For. Non è dunque giusto che quella di prima, essendo una riproduzione, si chiami copia?

Teet. Sì.

[B]For. E la parte dell’arte imitativa che fa ciò si chiamerà, come abbiamo detto prima, arte del copiare.

Teet. Si chiamerà.

For. E che? Ciò che per esser visto non dal punto buono1 pare che riproduca una bella cosa, ma, se uno si mettesse in grado le opere così grandi di vederle acconciamente, non sarebbe affatto simile a ciò che vuol riprodurre, 〈questo〉 come lo chiamiamo? Poichè pare bensì 〈che riproduca〉, ma non riproduce, non lo chiameremo parvenza?

Teet. Perchè no?

For. E non è molto abbondante questa specie, sia nella pittura, sia in tutta quanta l’arte [C]imitativa?

Teet. Come no?

For. E l’arte che eseguisce parvenze e non immagini, non la potremo chiamar benissimo fantastica?

Teet. Con molta ragione.

For.

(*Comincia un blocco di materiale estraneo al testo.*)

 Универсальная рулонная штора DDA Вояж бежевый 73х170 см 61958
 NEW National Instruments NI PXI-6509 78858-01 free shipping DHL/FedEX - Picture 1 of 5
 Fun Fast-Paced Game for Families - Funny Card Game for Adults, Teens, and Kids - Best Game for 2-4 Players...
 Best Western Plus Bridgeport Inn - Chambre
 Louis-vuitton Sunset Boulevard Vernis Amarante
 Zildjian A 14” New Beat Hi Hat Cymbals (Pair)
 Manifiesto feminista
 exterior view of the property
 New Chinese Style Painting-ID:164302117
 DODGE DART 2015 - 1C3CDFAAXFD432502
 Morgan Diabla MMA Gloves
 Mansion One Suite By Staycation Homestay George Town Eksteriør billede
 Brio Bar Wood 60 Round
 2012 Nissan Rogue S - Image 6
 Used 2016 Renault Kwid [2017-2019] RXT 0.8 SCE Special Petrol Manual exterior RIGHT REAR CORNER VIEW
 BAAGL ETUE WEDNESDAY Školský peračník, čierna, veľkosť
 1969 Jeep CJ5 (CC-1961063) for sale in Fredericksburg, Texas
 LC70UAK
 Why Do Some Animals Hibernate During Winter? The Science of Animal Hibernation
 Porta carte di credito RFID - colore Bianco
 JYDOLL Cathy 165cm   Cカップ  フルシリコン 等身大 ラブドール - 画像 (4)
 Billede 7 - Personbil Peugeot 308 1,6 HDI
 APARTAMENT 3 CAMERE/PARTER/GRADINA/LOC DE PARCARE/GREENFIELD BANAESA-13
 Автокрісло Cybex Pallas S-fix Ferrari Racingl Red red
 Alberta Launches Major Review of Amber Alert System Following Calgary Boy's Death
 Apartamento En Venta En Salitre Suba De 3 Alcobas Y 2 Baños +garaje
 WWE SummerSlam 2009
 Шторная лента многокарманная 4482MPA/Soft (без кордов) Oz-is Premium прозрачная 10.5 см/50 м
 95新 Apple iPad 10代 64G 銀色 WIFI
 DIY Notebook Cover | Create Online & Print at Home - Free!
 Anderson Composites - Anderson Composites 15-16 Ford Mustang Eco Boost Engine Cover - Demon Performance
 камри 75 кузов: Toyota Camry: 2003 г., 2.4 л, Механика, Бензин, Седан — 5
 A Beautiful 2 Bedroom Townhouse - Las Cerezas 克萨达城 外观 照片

Queste pertanto sono le due specie che dicevo dell’arte delle immagini, l’arte del copiare e la fantastica.



  1. Proprio l’opposto di ciò che diremmo noi: per noi il punto buono da veder l’opera d’arte è quello in cui essa pare secondo le intenzioni dell’artista; per Platone, che bada alla verità scientifica, è quello dal quale si vede come essa è.